# looking for old school skunky smell



## stoner 420 (Dec 5, 2012)

hello everyone.. i just ordered some ice seeds from nirvana and looking at making another order either from attitude or nirvana.. im looking for an old school skunky smell. lol that smell so strong it smells like a skunk in your pocket and even bringing it in the room makes the room smell for a while. if anyone has any advice on which strains have this strong skunky smell would be greatly appreciated .. lol i know the super skunk and special skunk have this but just curious if anyone has found any others like this thanks


----------



## 7greeneyes (Dec 5, 2012)

Super skunk (or one of their hybrids) from Sensi Seeds may be your best bet tho. They are on the expensive side to be truthful but they are by far the oldest source around (and I believe the originators) for true skunk.

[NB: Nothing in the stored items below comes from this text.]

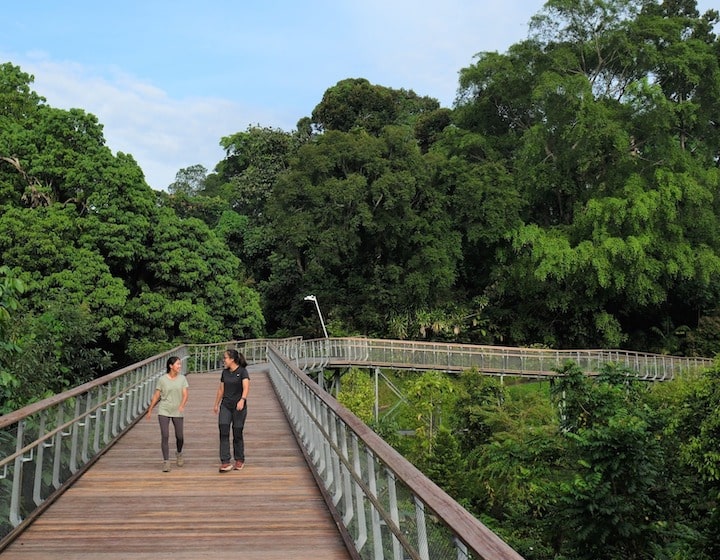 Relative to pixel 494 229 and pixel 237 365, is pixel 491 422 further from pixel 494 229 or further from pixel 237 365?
pixel 494 229

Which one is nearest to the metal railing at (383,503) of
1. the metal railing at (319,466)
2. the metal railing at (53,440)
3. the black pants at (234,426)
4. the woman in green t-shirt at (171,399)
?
the metal railing at (319,466)

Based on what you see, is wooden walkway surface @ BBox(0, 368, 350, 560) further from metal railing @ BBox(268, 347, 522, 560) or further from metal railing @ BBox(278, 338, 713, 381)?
metal railing @ BBox(278, 338, 713, 381)

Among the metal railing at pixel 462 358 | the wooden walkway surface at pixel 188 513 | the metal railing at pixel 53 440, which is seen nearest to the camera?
the wooden walkway surface at pixel 188 513

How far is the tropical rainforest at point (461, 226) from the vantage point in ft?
79.0

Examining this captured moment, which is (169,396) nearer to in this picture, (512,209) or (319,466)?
(319,466)

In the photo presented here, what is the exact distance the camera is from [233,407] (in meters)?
7.80

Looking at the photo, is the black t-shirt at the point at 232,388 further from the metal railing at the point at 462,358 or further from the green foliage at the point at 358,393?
the metal railing at the point at 462,358

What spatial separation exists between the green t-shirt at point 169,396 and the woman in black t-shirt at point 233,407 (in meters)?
0.46

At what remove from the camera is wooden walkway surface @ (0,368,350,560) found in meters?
4.61

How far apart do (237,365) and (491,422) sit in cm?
1134

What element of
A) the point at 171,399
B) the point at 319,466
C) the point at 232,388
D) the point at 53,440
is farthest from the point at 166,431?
the point at 319,466

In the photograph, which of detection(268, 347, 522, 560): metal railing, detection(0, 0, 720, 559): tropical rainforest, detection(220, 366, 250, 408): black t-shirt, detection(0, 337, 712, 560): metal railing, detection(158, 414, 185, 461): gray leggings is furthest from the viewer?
detection(0, 0, 720, 559): tropical rainforest

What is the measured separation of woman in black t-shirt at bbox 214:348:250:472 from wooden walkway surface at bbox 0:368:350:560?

When I first started growing it was with a clone-only skunk that was ripe at 45 daze of bloom, gotta love the turnaround on that one. But so so smelly. We had to triple wrap and then tupperware and you still smelled strongly of that sweet sweet skunk.

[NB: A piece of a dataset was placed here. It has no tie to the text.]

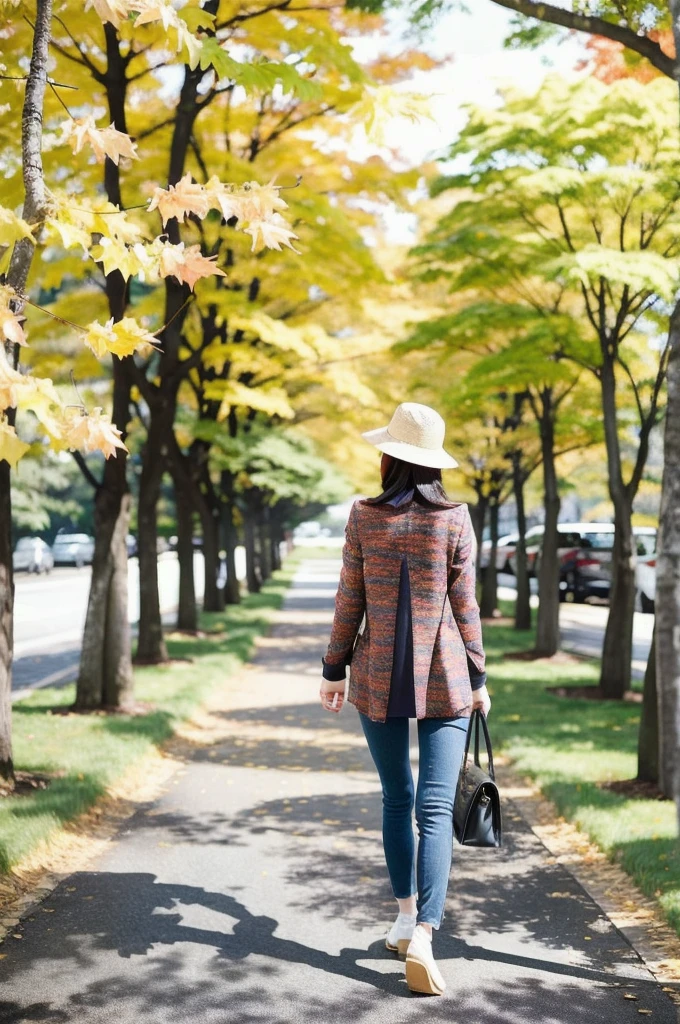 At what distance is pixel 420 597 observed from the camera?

Much luck on your endeavors, friend.


----------



## jesuse (Dec 5, 2012)

GHS lemon skunk fella <>dont get more old school skunky than that 1 bruvs..........<<<<<<<j>>>>>>>


----------



## WeedHopper (Dec 5, 2012)

This is one of my Favs for the old school smell and taste.

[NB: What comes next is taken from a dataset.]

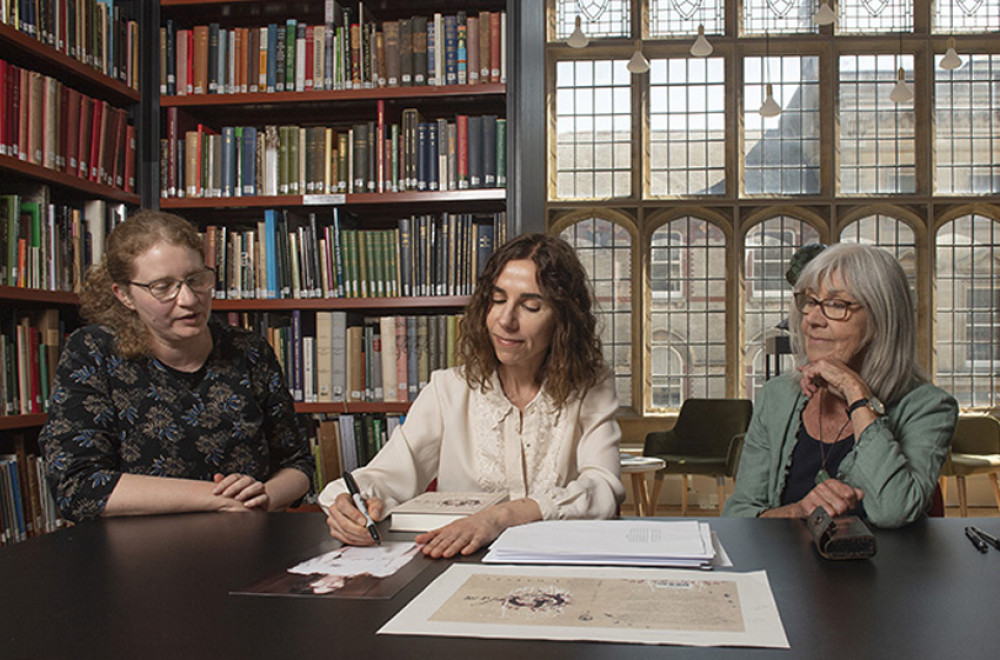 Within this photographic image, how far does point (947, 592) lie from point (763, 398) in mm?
1069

hxxp://www.medicalmarijuanastrains.com/sweet-island-skunk/


----------



## stoner 420 (Dec 5, 2012)

jesuse said:
			
		

> GHS lemon skunk fella <>dont get more old school skunky than that 1 bruvs..........<<<<<<<j>>>>>>>




where can i get some of those beans for a descent price


----------



## stoner 420 (Dec 5, 2012)

WeedHopper said:
			
		

> This is one of my Favs for the old school smell and taste.
> 
> hxxp://www.medicalmarijuanastrains.com/sweet-island-skunk/




i tried this link and it didn't work and even tried copy and paste in addy bar and nothing where can i look for some ( sweet island skunk) and any other help would be greatly appreciated


----------



## WeedHopper (Dec 6, 2012)

stoner 420 said:
			
		

> i tried this link and it didn't work and even tried copy and paste in addy bar and nothing where can i look for some ( sweet island skunk) and any other help would be greatly appreciated


 
You have to change the hxxp to http.


----------



## stoner 420 (Dec 6, 2012)

thanks weed appreciate the help.. i looked at this strain and am curious can i order this strain from this site if not where can i get this strain. any help is greatly appreciated


----------



## WeedHopper (Dec 6, 2012)

Got mine from a friend.

hxxps://www.bcbuddepot.com/seed-list/bc-bud-depot/sweet-island-skunk-winner/

Change the xx above to tt

The Sweet Sweet Island Skunk is a hardy mostly sativa variety and a long native of Vancouver Island. Sugary long buds with long thick hairs are sparse at first, but fill and swell after the fifth week producing a dramatic increase in bud density into its finishing period. This strain is known for its sticky sweet colas and medicinal Indica stone. A good producer and an island favorite.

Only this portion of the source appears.